2a. Gold Layer in Fabric Lakehouse - A Fabric Data Factory Pipeline is implemented to use Spark Notebooks for building out all three layers - Bronze, Silver and Gold Layers in a Fabric Lakehouse. Click the link below for instructions in this GitHub Repo, and you can also watch a video reviewing the 2a process at this link: https://youtu.be/TG03mkJKq4k

Setup Pipeline with Gold Layer in Fabric Lakehouse

Skip to Step 3 if Step 2a was chosen and successfully executed to create star schema tables.

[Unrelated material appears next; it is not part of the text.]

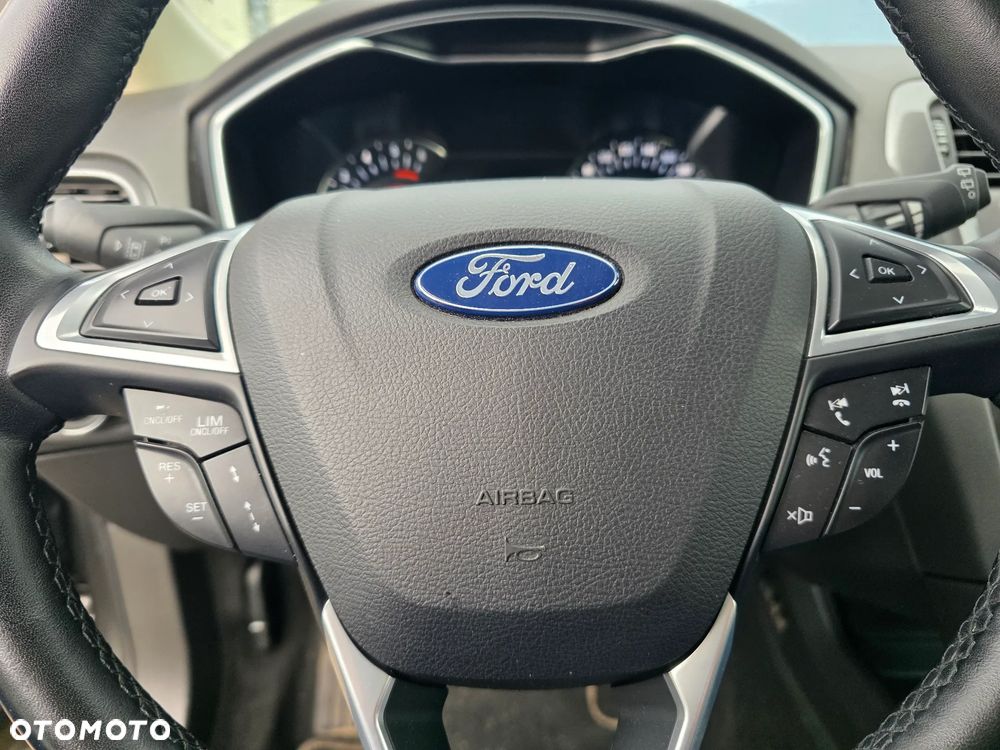 Ford Mondeo 2.0 EcoBlue Titanium - 16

2b. Gold Layer in Fabric Warehouse - Fabric Data Factory Pipeline is implemented to use Spark Notebooks for building Bronze and Silver Layers in a Lakehouse but SQL Stored Procedures for building out the final Gold Layer persisted in Fabric Warehouse. A video detailing the creation and deployment of these Stored Procedures can be found at this link: https://youtu.be/G6t4d5FU0zI

You will need the Lakehouse name from Step 1 and if you used the suggested name cms_lakehouse it will be easier otherwise a few edits in T-SQL scripts will be required.

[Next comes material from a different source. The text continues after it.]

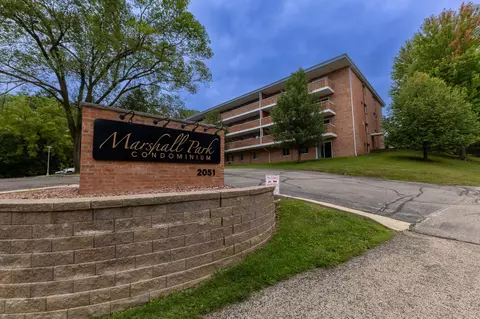 2051 Allen Blvd #401, Middleton, WI 53562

Setup Pipeline with Gold Layer in Fabric Warehouse


Step 3: Create the Direct Lake Power BI Star Schema Semantic Model with DAX expressions and metadata - Steps are manual at this time but in the future we plan to automate for quick setup.


Step 4: Create Reports using Power BI or Connect using Excel - Steps are manual at this time but in future plan to automate for quick setup. We do have a .pbix file in this repo that can connect to the Semantic Model if the metadata matches the naming conventions in Step 3.